An Option Pack Workflow approver is defined at the value level. For a specific process, the new values added are checked against the approvers' configuration, and each results in an approver if necessary. New values are those that are now in the triggering attribute and do not yet exist in the target attribute (before the change).

A triggering attribute starts a workflow process and the target attribute starts the approver selection. For example, if attribute RACF group is defined as a triggering attribute and there is a change in RACF group for a selected user, a defined workflow process starts.

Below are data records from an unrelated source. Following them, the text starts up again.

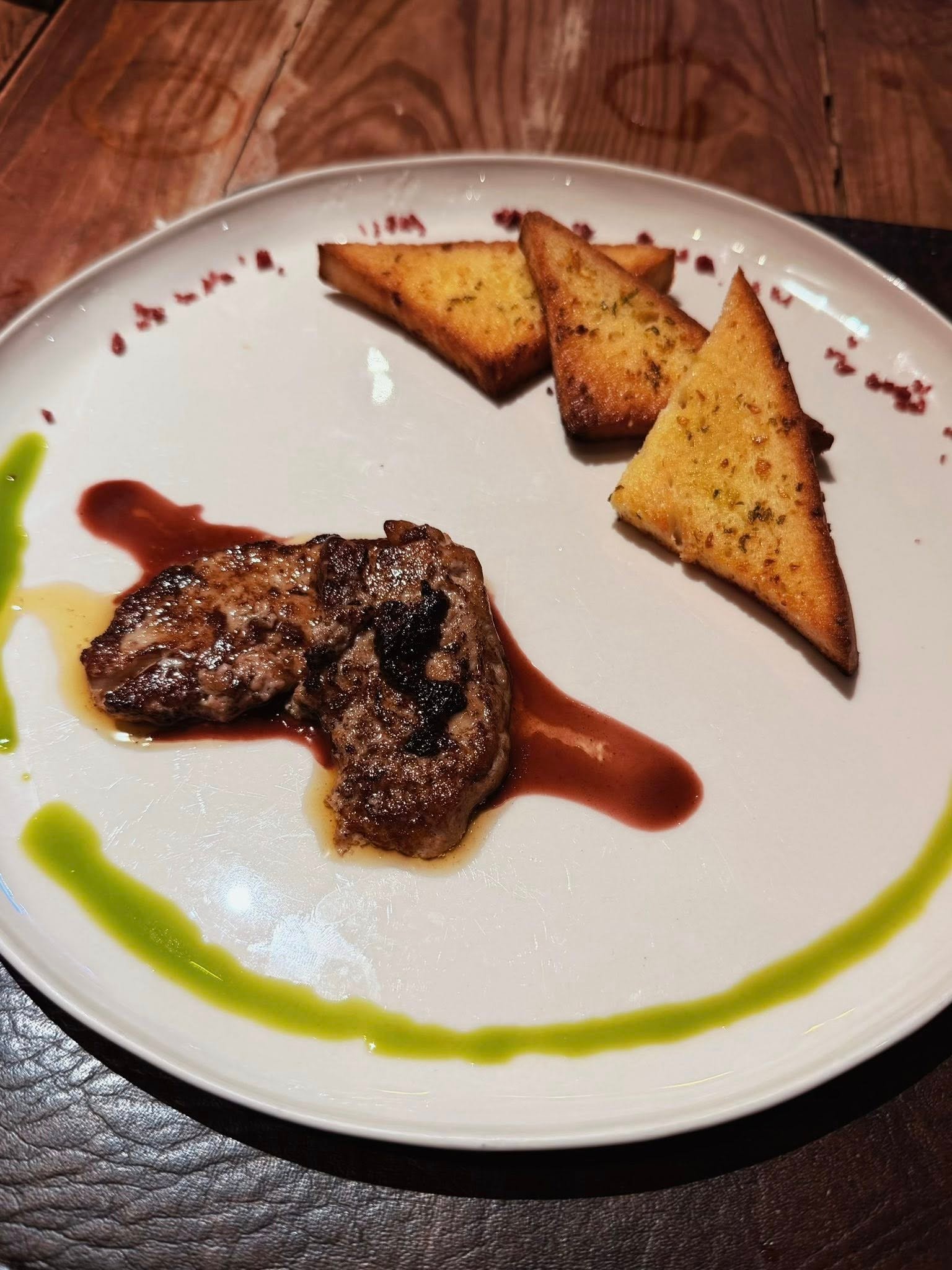 A plated main course with grilled meat, toast, and vibrant sauces.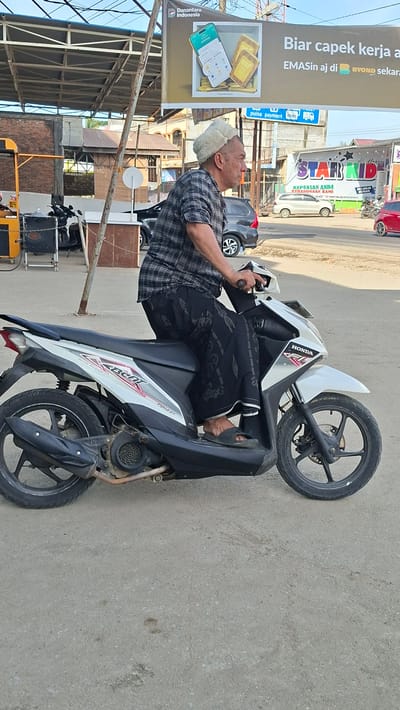 A middle-aged man wearing a plaid shirt, black patterned pants, and a white cap is riding a white and black scooter. He is positioned in the middle of the frame, slightly angled to the right. The man is looking to the right, and his hands are on the scooter's handlebars. The scooter is parked on a paved surface, likely a road or parking lot. In the background, there are several buildings, including what appears to be a commercial establishment with a sign that reads "STAR KID." There are also other vehicles visible, including a dark-colored car and a red car. The sky is clear and blue. The overall impression is an outdoor scene in an urban or semi-urban environment in Blangpeuria, Indonesia.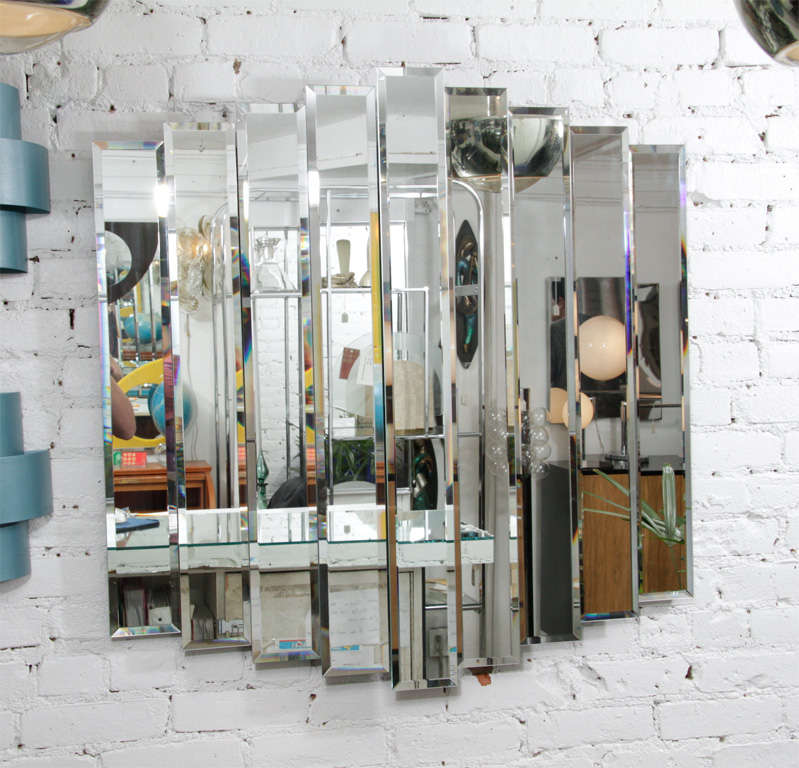 All that glitters is not gold! Deco inspired stacked/beveled wall mirror.  Located at Las Venus 163 Ludlow Street 212-982-0608.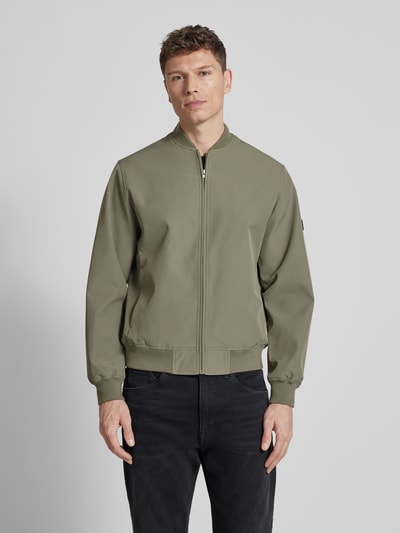 Männermodel trägt olivgrüne Bomberjacke mit Stehkragen Modell 'BLAASPEN' von Jack & Jones Premium, lockerer Schnitt, Ganzkörperansicht von vorne.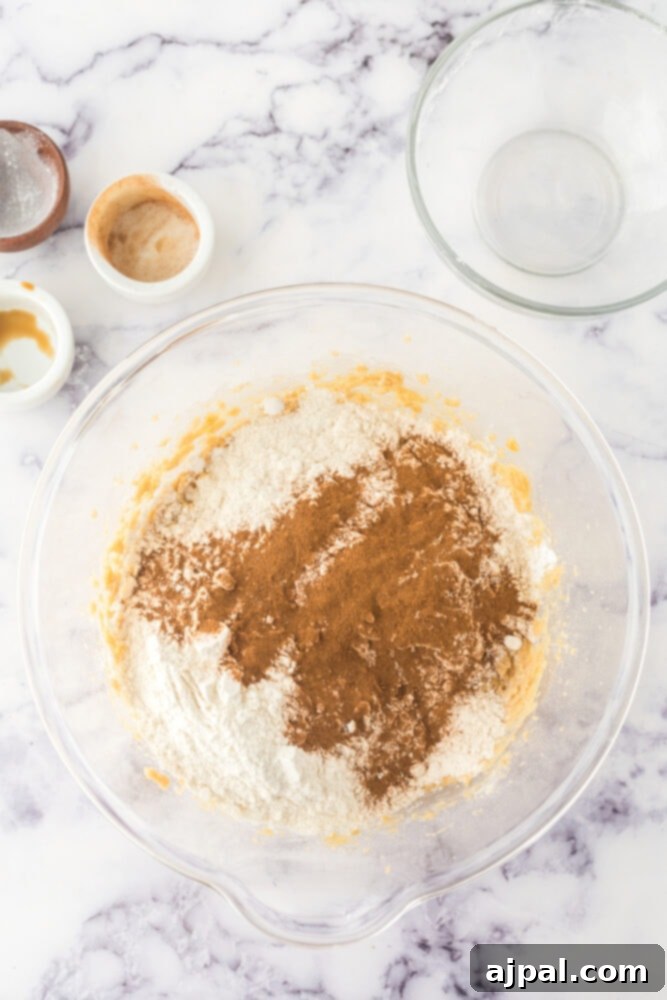 Dry ingredients for Snickerdoodle Blondies in a bowl, including flour, baking powder, and cinnamon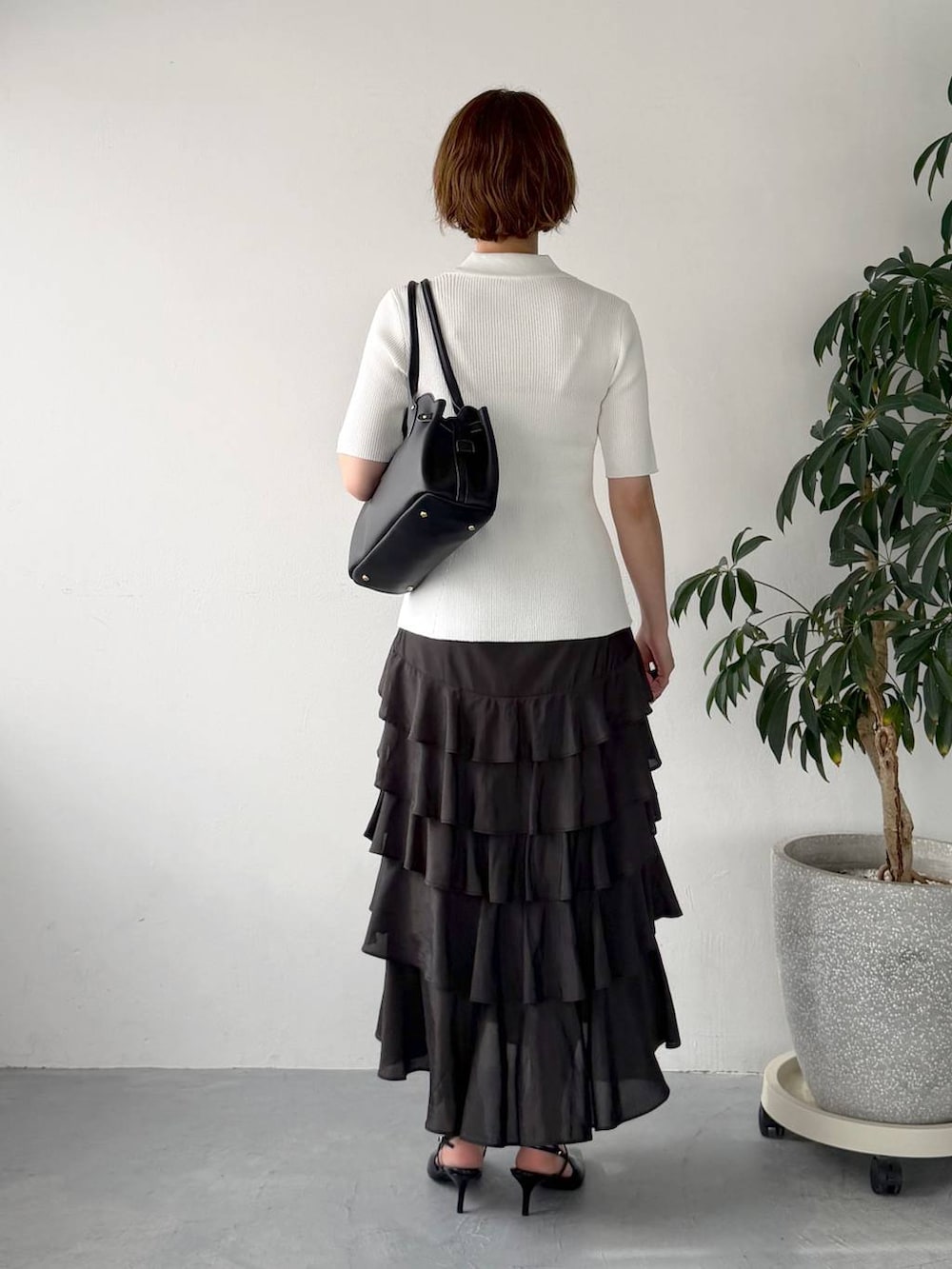 ブラック系のサンダル、ホワイト系のカーディガン/ボレロ、ブラック系のスカートを着用したレディースの春コーディネートの3枚目の写真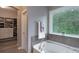 Relaxing bathroom with a soaking tub, large window with wooded views, and a spacious closet at 3666 Jacinta Ct, Tega Cay, SC 29708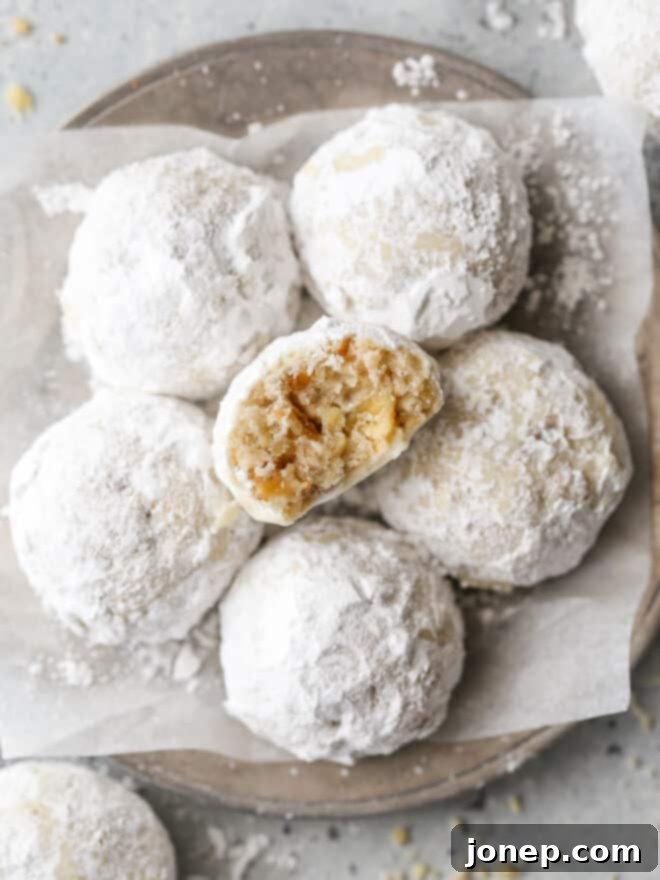snowball cookies with bite taken out of one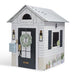Playhouse with decorative elements on a white background
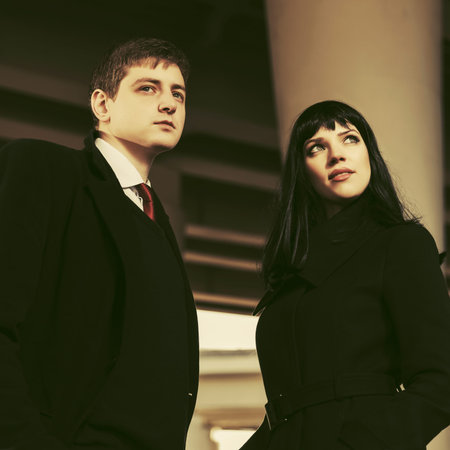 Young fashion business man and woman walking in city street
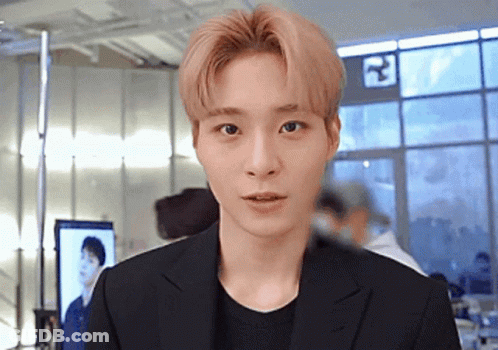 Young Man In Black Suit Standing In Front Of Window GIF
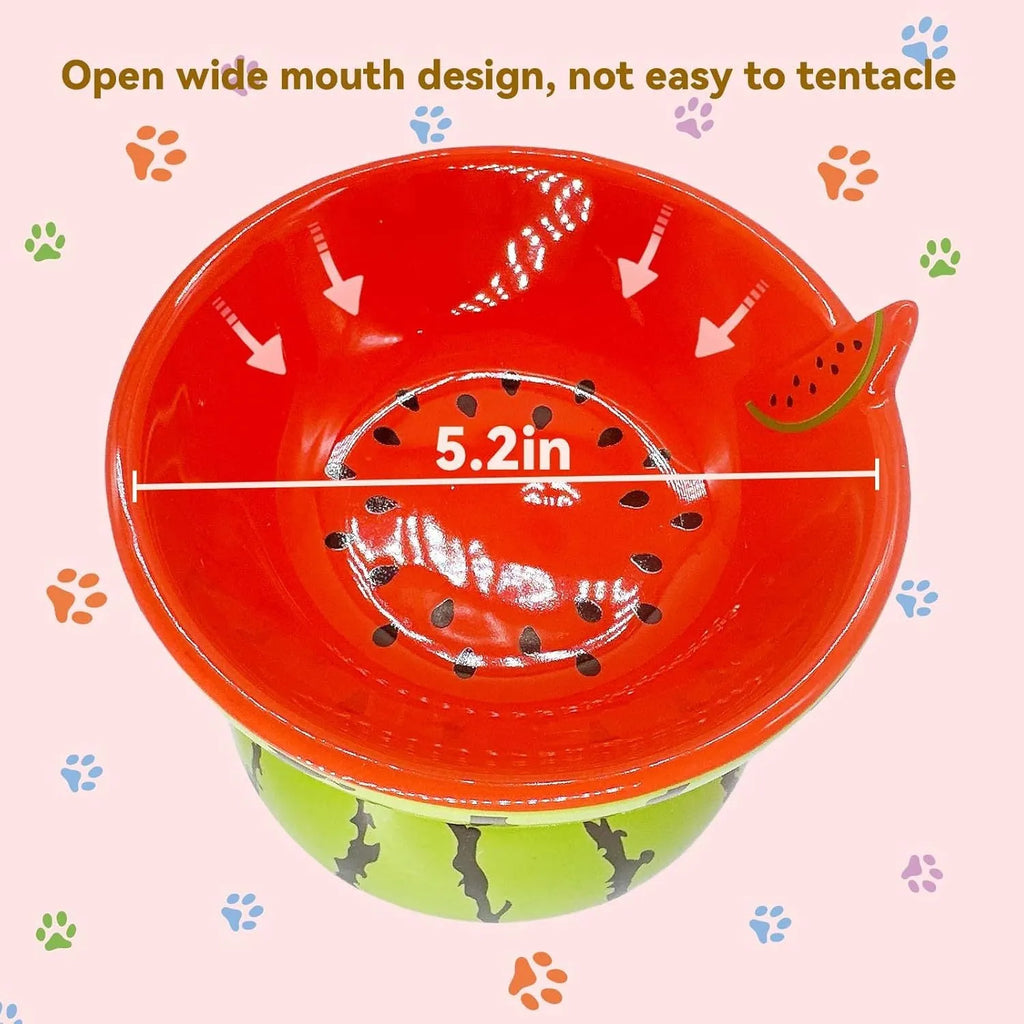 Orange patterned ceramic elevated cat bowl on a white surface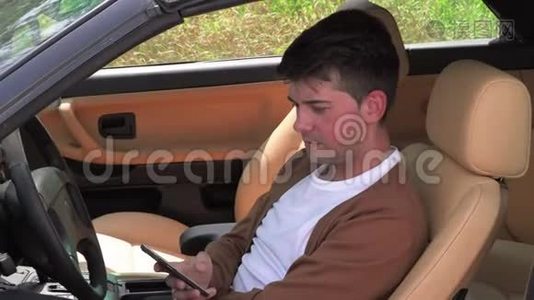 一个年轻人坐在破车里打电话视频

During the approval chain, an approver may reject some of the groups requested. The target attribute will hold the accumulated approved values until the chain of approval completes.

Example

There is an Active Directory group approval process configured. The ADGroups attribute is both the trigger and the target. Two new groups are added to the user. These groups are now in the trigger (ADGroups attribute) which starts the workflow process, but are not in the target (ADGroups again, before the change). Therefore, these two new groups are recognized as new values, and are checked against the approvers' configuration.

Example

There is a logical attribute to which new Active Directory group values are added. This is the trigger to the Active Directory workflow process. The target is the ADGroups attribute, which is synchronized with the endpoints. Adding two groups to the logical attribute will cause the workflow to trigger. Those groups may or may not already exist in the ADGroups physical attribute, so only those that did not exist are checked.